Would you ever have guessed - before the CSO's childcare survey - that nearly 60 per cent of families with young children take care of them with no help from anyone? Or that only a tiny fraction of such families overall have two parents in full-time work? asks Kathy Sheridan
These figures, allied to a steady fall in workforce participation by women in the 25 to 34 age group, suggest that the vast majority of young Irish children have the benefit of a full-time parent.
So what say you now, you doomsayers who built entire careers on apocalyptic pronouncements about the social devastation being wreaked by mythical armies of jack-booted harridans, aka working mothers?
What agendas were at work here? Who or what was responsible for the widespread notion that the "average" Irish family comprised two sparring, strung-out parents plus a couple of infants abandoned like dogs for 12-hour days?
I knew few families like that. When I sought them out for our commuter series, they were astonishingly hard to find. When I was pointed towards couples described as full-time workers, it was remarkable how many of the women were job-sharing or working two- or three-day weeks, or working from home or in jobs with family-friendly hours, such as teaching.
So, civilisation is safe for another minute or two, right? Apparently. As a 30-something chirrups in the Daily Telegraph, half her girlfriends "have given up work for their children. No one wants to be considered a career harpie". And what are you if not being a career harpie? A "Yummy Mummy" of course. They're "the ones who look immaculate at the school gate and make cupcakes for their children". Lovely. Note that it's not necessarily that they don't want to be career harpies; they don't want to be considered career harpies. Who exactly are they so desperate to please?
Anyway, that's where we are. Career harpies out. Yummy Mummies in. And what can be wrong with that? On the face of it, young women have nothing to prove (their mothers did that for them) and so, the choice is theirs, fully-informed and gloriously free of that icky old feminist baggage.
And yet, the other striking revelation of our commuter series research was how close to the 1950s model of family life this country has moved, often not by women's choice, but for reasons born of a thoroughly modern phenomenon.
The truly ugly face of commuting is not the healthy, unencumbered, young couples rising at dawn for the city-bound crawl.
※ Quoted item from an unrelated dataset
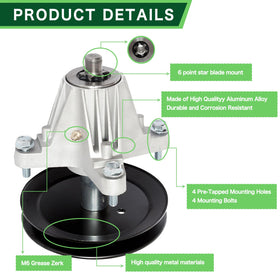 TENGMUJX spindle assembly supports Bronco 42 and similar decks.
It's the mothers left behind, who watch their husbands drive off the estate at 6 or 7 a.m. and may not hear another adult voice until he returns, fit for nothing, 13 or 14 hours later.
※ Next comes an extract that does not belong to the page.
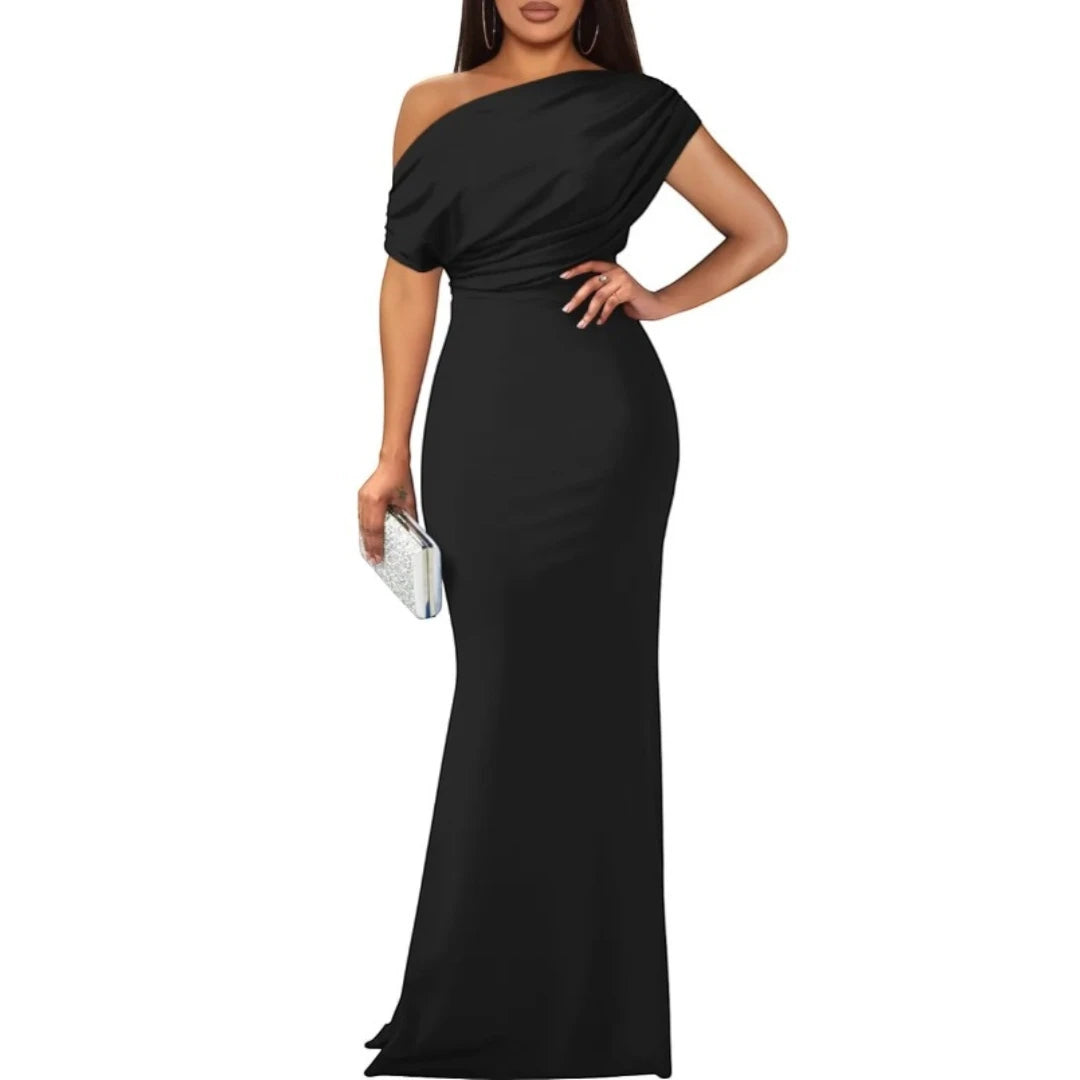 Women's Formal Maxi Wedding Guest Dress with Off Shoulder Feature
In such circumstances, being a Yummy Mummy may be the only option (given the cost of childcare and the management permutations when two or three offspring are at different stages) but for some, it is the toughest option of all. They talk of wrenching loneliness and of being single parents in all but name. Nor does the medium-term look too rosy. What chances of a half-decent job, still less a career, 50 miles from the industrial heartland, in a region virtually abandoned by government?
Corporate Ireland is only partly to blame. Many of the family-friendly measures fought for by the feminists, such as job-sharing, have come to pass. We are assured that there's a sea-change in male attitudes.
Yet, why is it still the case that all else being equal - say, in banking or media - the overwhelming take-up of these concessions is by women? Where a few days' paid paternity leave is available, the National Family Friendly Committee's survey showed that not even a sixth had availed of it. Although fathers have a statutory right to 14 weeks of unpaid parental leave (which, combined with the mother's, could provide full-time parental care for nine months of a baby's crucial first year), only a tiny minority have opted for it.
If the absence of payment is the obstacle, where are the voices of the fathers' groups - so vocal in other respects - campaigning for change? But the problem is starkest at the higher echelons, where pay is least likely to be a barrier. In one top management survey, nearly a half said that juggling home and work was a struggle, yet only a quarter would trade lower pay for more personal time.
It's a conundrum. We're told such outlandish behaviour would draw derision and suspicion about a man's loyalty and commitment - an attitude that women have lived with for decades.
Meanwhile, in Corporate Country, fewer women will be around to temper the man-made rules of engagement, characterised by the war-games, childishness, cute hoorism and presenteeism that are anathema to most thinking people and their concept of what society is about.
And so, the spiral continues.
Are there any winners in this? How about the men swaggering home to the Yummy Mummies? Yummy.